L’euro numérique se concevrait ainsi comme l’équivalent dématérialisé des espèces, avec qui il coexisterait en parallèle. Émis par la BCE, il serait détenu en main propre par les consommateurs et poursuivrait quatre objectifs majeurs :
 
  • Être gratuit, simple, universellement accepté et accessible à tous ;
     
  • Être robuste et stable, contrairement à la plupart des « cryptomonnaies » dont le prix est hautement volatil : la BCE réfléchit à plafonner ou pénaliser par un taux négatif la détention d’euros numérique au-delà d’un certain seuil qui pourrait être fixé à 3 000 euros pour en assurer la stabilité ;
     
  • Inspirer confiance en bénéficiant de la garantie et de la sécurité d’une monnaie de banque centrale, contrairement à l’ensemble « cryptomonnaies » privé ;
     
  • Préserver la vie privée des particuliers en limitant, sa traçabilité, comme pour le « cash » et contrairement aux virements, paiements par carte ou autres. À ce sujet, Christine Lagarde, présidente de la BCE, soulignait mi-février que l’euro numérique devrait être « respectueux de la vie privée » et qu’il ne s’agirait pas « d’exploiter les données de ceux qui l’utiliseront ». La consultation de la BCE a notamment révélé que la confidentialité des paiements occupe la première place parmi les caractéristiques demandées d’un euro numérique (41 % des réponses), devant la sécurité (17 %).
     
Toutefois, la grande consultation de la BCE a révélé que cette initiative destinée à contrer le risque de désintermédiation de la BCE pourrait en revanche accélérer celle des banques traditionnelles, qui joueraient tout au plus le rôle de distributeur, en réduisant :
 
  • Leurs revenus et commissions liés aux paiements ;
     
  • Les dépôts sur les comptes bancaires, même si la BCE prévoit de limiter le montant d’euro numérique détenu par un particulier dans son portefeuille électronique ;
     
  • Les informations qu’elles détiennent sur leurs clients.
     
Dans sa réponse à la consultation [2], la Fédération bancaire européenne a ainsi appelé les autorités européennes à la plus grande prudence et à prendre leur temps quant à la création d’une telle monnaie en rappelant la nécessité d’établir très clairement ce que l’euro numérique peut apporter qui ne serait pas déjà couvert ou qui ne pourrait pas être couvert par les banques privées.
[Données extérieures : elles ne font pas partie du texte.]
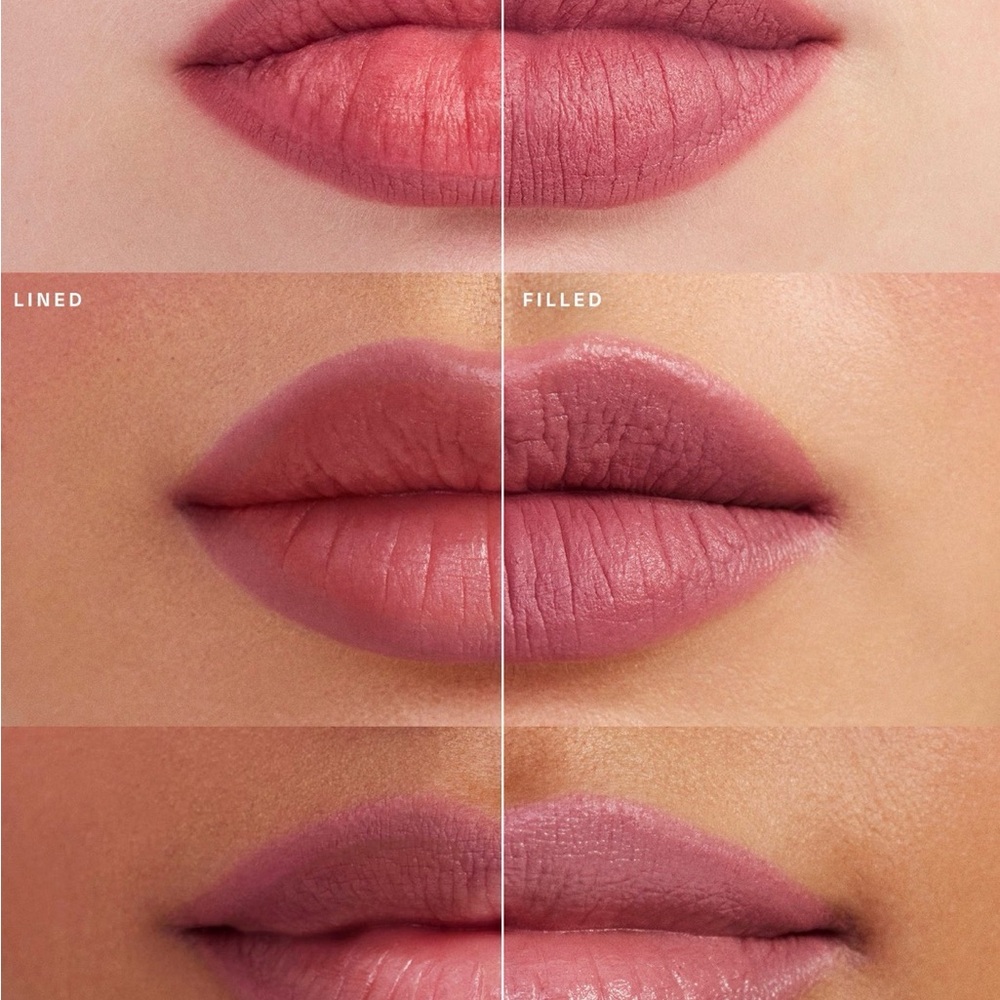 Limited- Edition Rare Beauty Something Rosy Lip Kit - Picture 4 of 7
Cette initiative, qui bénéficie également d’un solide soutien de la Commission européenne, pourrait être déployée d’ici environ quatre à cinq ans, à condition toutefois que le conseil des gouverneurs de la BCE en décide la poursuite à la mi-2021.
La BCE n’est pas la seule banque centrale à réfléchir à la création d’une monnaie digitale de banque centrale (MDBC). En effet, la Banque de France y réfléchit depuis décembre 2019, tout comme les États-Unis, le Canada, la Chine (le crypto-Yuan) dont le projet est déjà bien initié et d’autres pays émergents.

En attendant ces projets ambitieux, mais incertains, une seule certitude : la guerre des paiements entre les géants de la Bigtech, les acteurs de la DeFi et les États ne fait que commencer.